_WORK INSTRUCTION:_ Only the lines below between the one holding "Open access visualization" and the one holding "Șase decese cauzate", inclusive, are to be reproduced word for word; the pictures are to be left out.

_EXTRACTED RECORDS:_
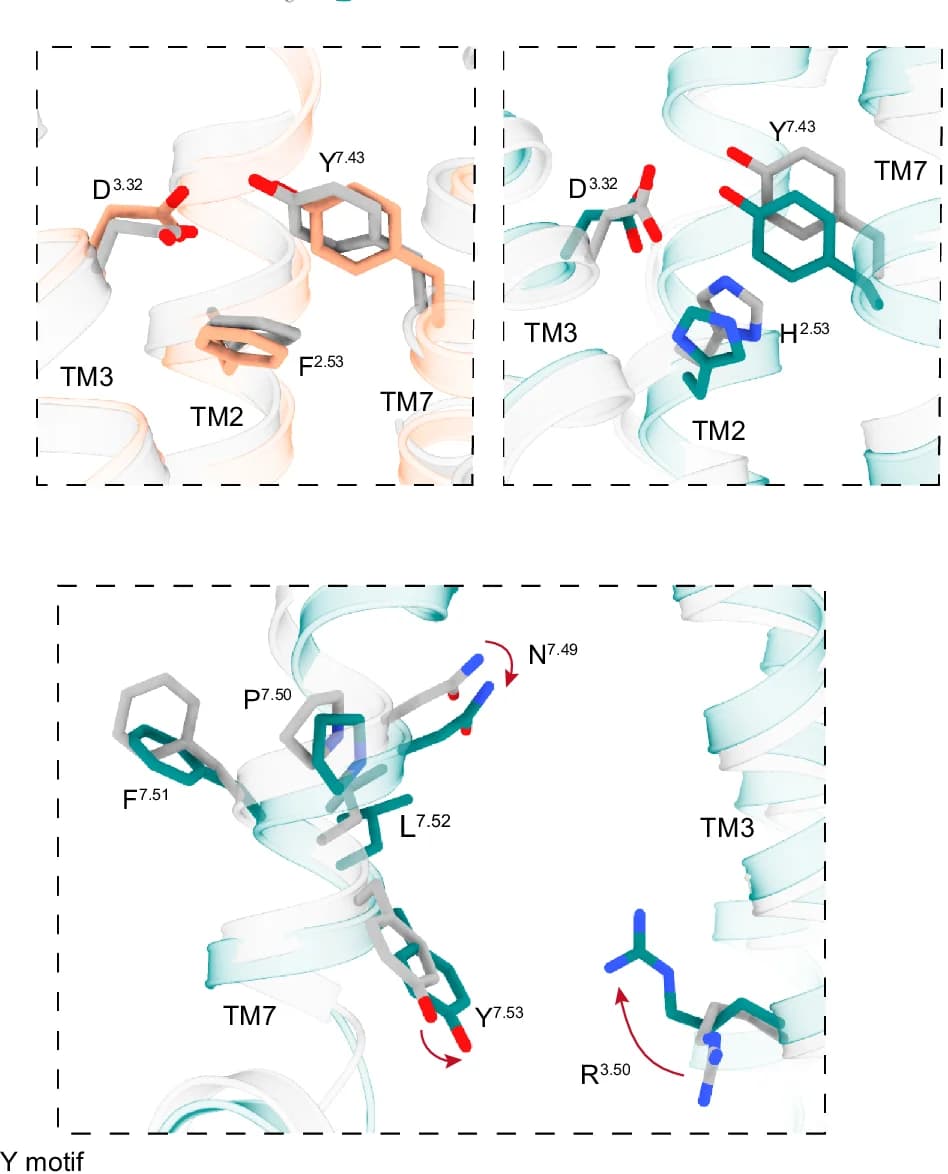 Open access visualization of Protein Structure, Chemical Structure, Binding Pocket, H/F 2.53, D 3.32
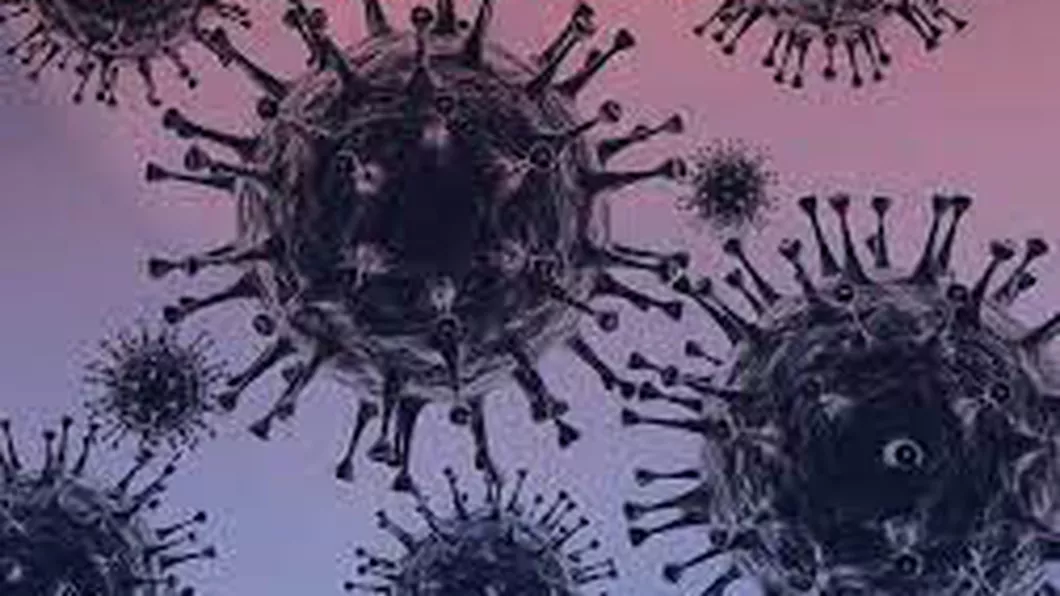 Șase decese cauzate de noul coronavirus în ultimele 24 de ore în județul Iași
...
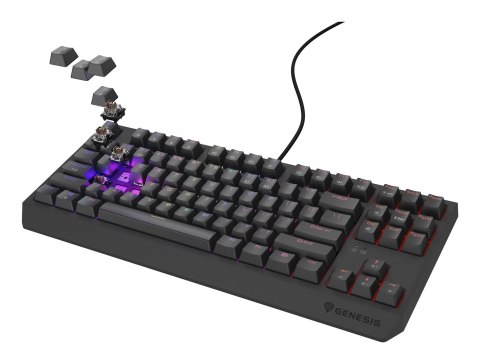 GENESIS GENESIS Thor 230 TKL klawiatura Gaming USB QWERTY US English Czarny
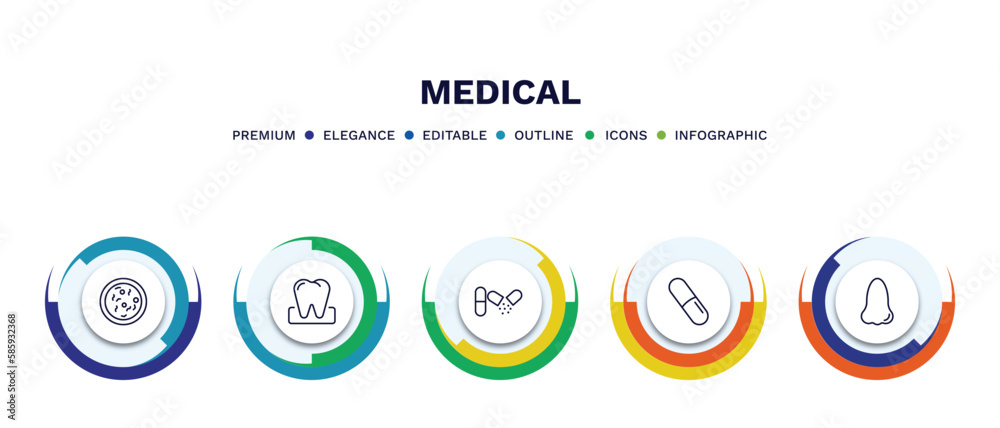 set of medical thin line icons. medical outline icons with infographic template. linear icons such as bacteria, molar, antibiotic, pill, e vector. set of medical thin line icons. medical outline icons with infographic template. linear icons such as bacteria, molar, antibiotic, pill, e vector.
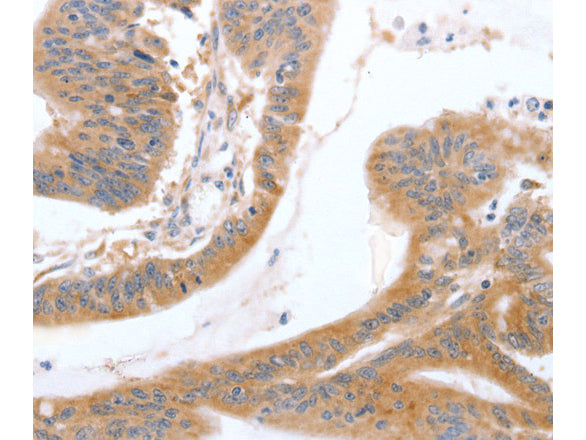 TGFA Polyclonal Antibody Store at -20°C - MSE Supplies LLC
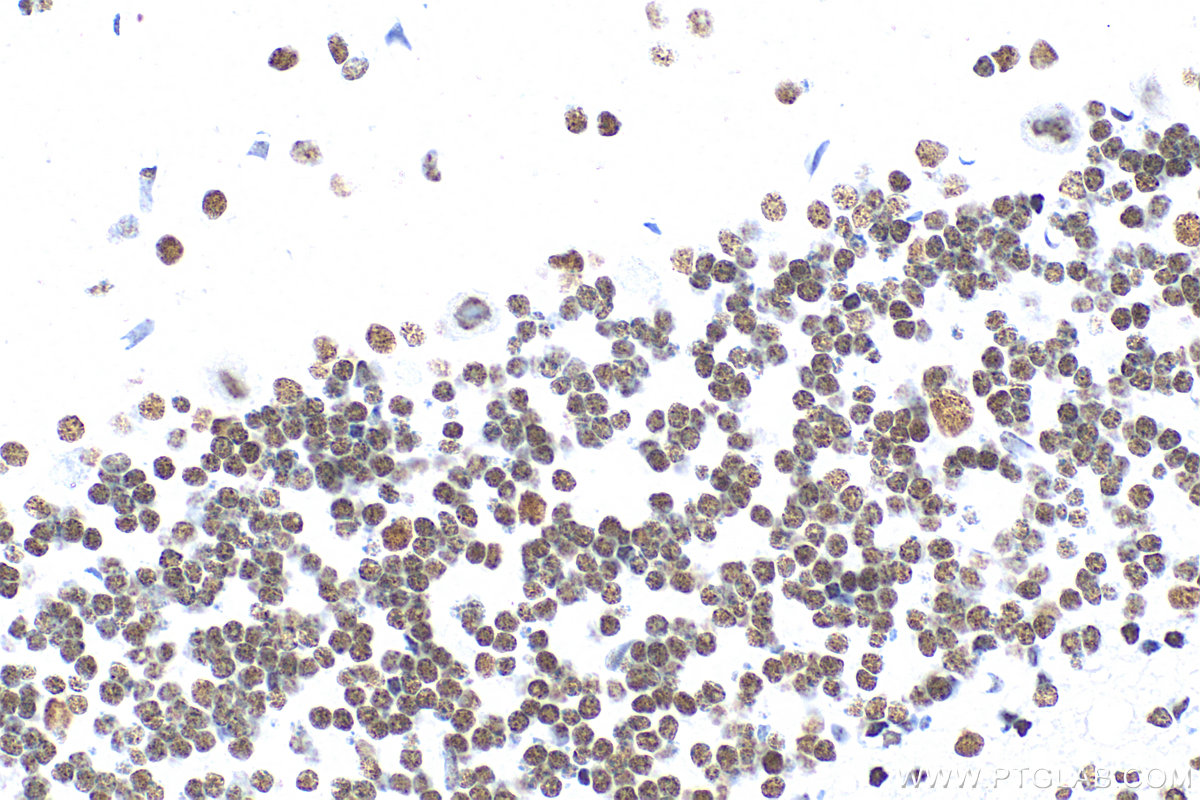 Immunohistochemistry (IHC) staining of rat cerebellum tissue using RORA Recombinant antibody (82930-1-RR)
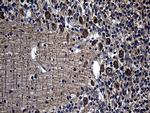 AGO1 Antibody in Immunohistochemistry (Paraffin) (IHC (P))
* * *
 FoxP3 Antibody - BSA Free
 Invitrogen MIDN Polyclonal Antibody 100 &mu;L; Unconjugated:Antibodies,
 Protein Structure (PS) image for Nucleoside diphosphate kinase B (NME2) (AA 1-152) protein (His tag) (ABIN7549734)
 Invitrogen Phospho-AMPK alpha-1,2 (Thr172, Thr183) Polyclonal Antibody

_RESPONSE:_
 Open access visualization of Protein Structure, Chemical Structure, Binding Pocket, H/F 2.53, D 3.32
 Șase decese cauzate de noul coronavirus în ultimele 24 de ore în județul Iași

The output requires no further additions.